I don’t have any formal training in this matter.
I’m just trying to offer some due diligence.
I hope that I am doing more good than harm.

Rick DeLano April 30, 2009 at 10:01 am

Three of my posts have now disappeared. Am I being censored ex post facto?

Rick DeLano April 30, 2009 at 10:38 am

I must render in charity my dismay at the silencing of this debate.
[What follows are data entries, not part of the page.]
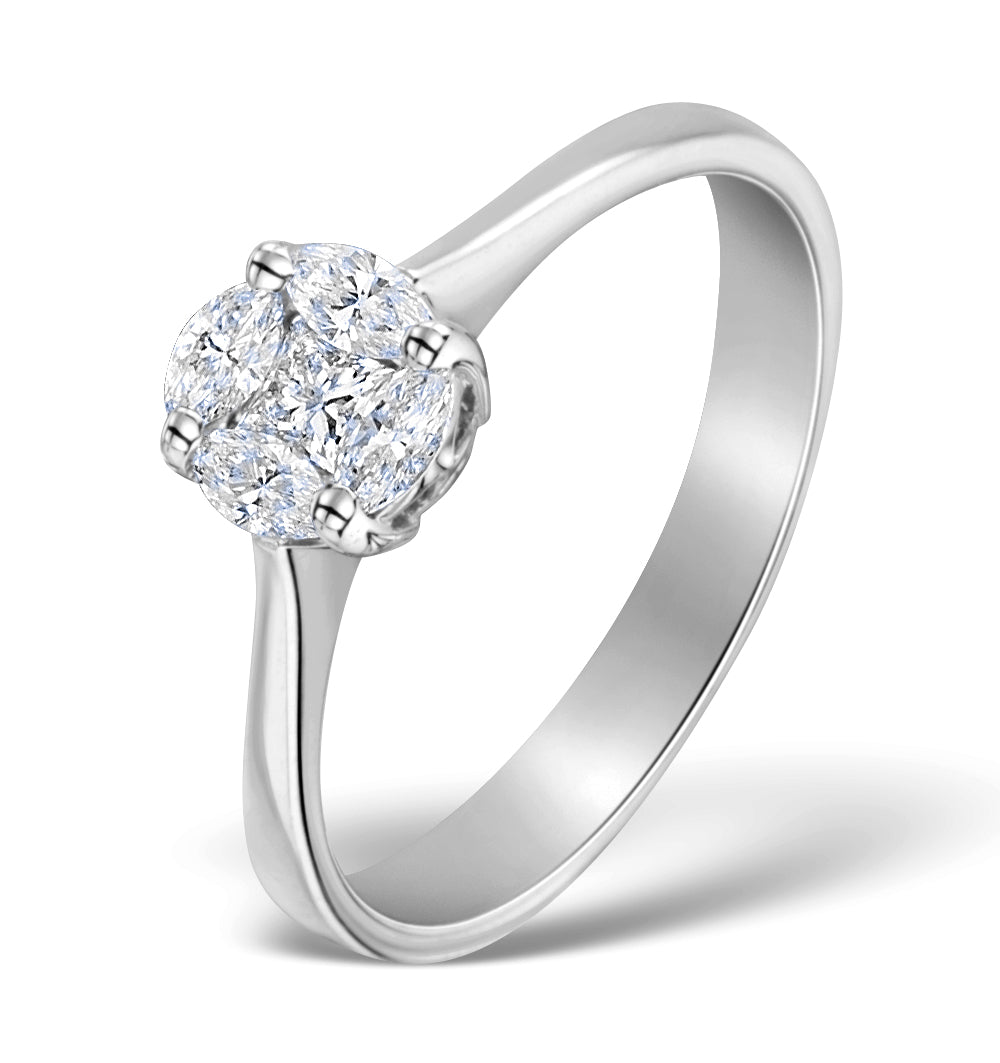 Galileo 1.00ct Look Diamond 0.38ct And 18K White Gold Ring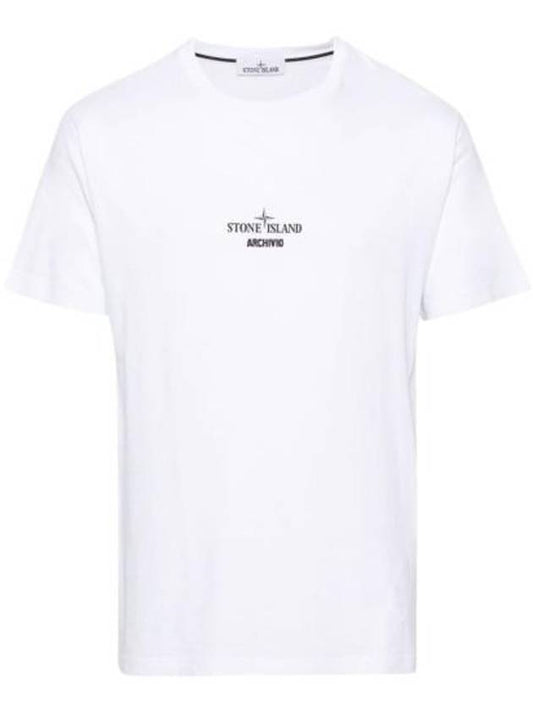 Archivio Cotton Short Sleeve T Shirt White - STONE ISLAND - BALAAN 1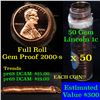 Image 1 : Proof 2000-s Lincoln cent 1c roll, 50 pieces (fc)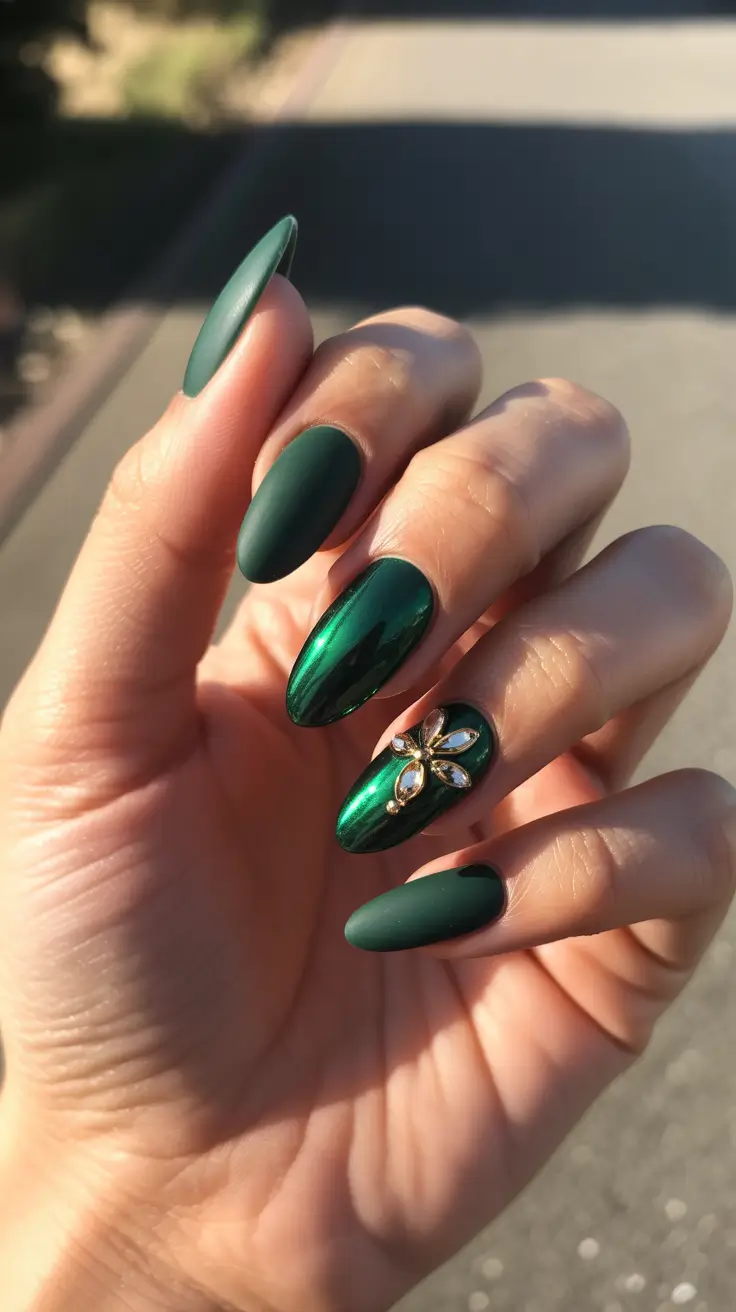 green-winter-nails-ideas-2025-2026 Emerald Velvet Elegance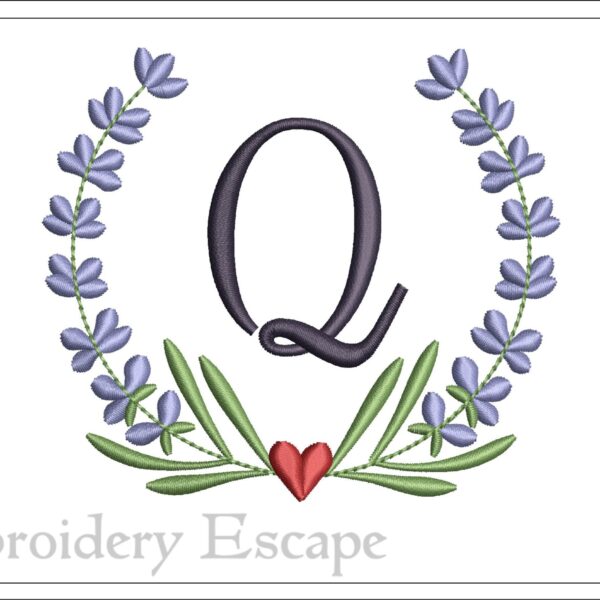 Letter Q embroidery design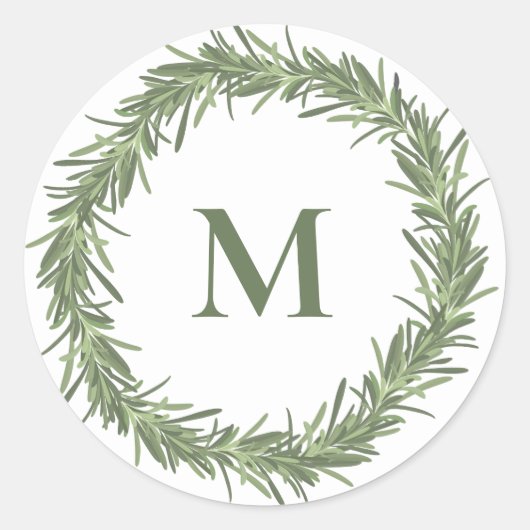 Rozemarijn krans monogram Kerst/vakantie Ronde Sticker (Voorkant)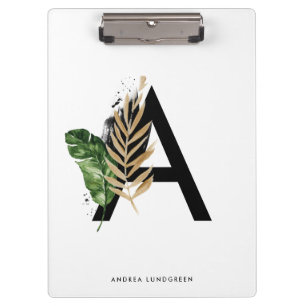 Tropical Leaves Faux Gold Foil Letter A Monogram Clipboard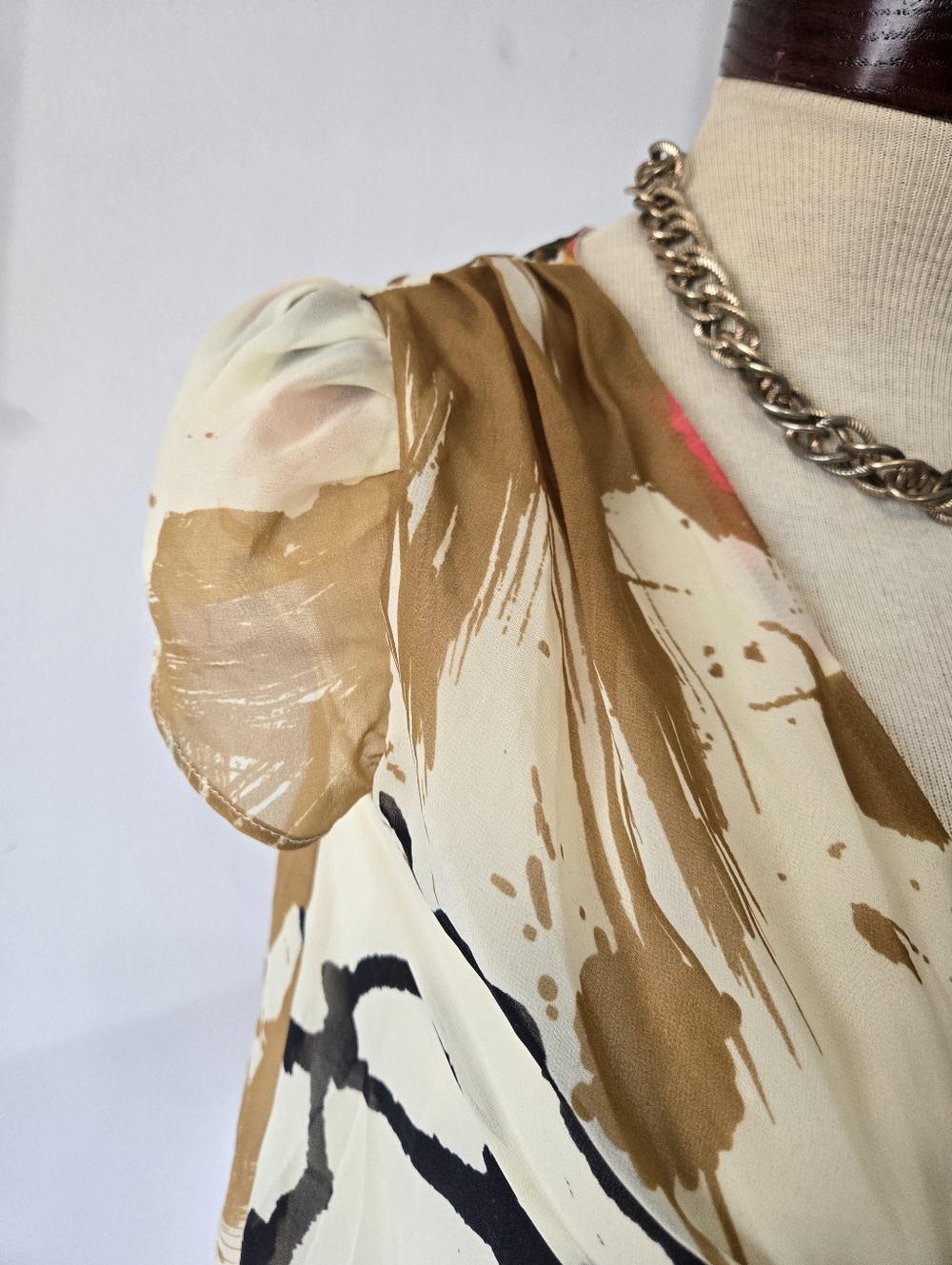 Diane von Furstenberg Silk Botanical Abstract Cream,brown, Pink Midi Dress. 4 - Picture 3 of 12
Having done so, I wish you well, and signing off remain, in the Sacred Heart of Jesus,
Very Truly Yours,
Rick DeLano

David B. April 30, 2009 at 10:53 am

Rick DeLano,
Maybe the posts are exceeding the comment length limit?

Thomas E. Vaughan April 30, 2009 at 10:59 am

David,
I think that Rick doesn’t know to flip to the second page, and so he can’t even
see the last few posts that have succeeded.
I cross-posted insructions to the “A While Back Thread” in case he might look
there.
I also sent an e-mail to Jimmy Akin, but I don’t know if there is much that can
be done. Googling “Rick DeLano” has produced lots of hits but no e-mail
address that I could send to.

Tim J. April 30, 2009 at 11:06 am

Rick, you may not be familiar with the new comment format (not Jimmy’s idea, but a recent TypePad thing) wherein if there are more than 100 comments on a post, the comments are broken up into sequential pages, which are accessed by clicking on the >> symbol at the bottom of the page.
There are 111 comments on this thread, and you may be looking for your last few comments after the page break.
Jimmy has only very rarely shut down threads, and then only for repeated bad behavior. He is not interested in shutting down debate, and at any rate, he would certainly say something before resorting to any such drastic action.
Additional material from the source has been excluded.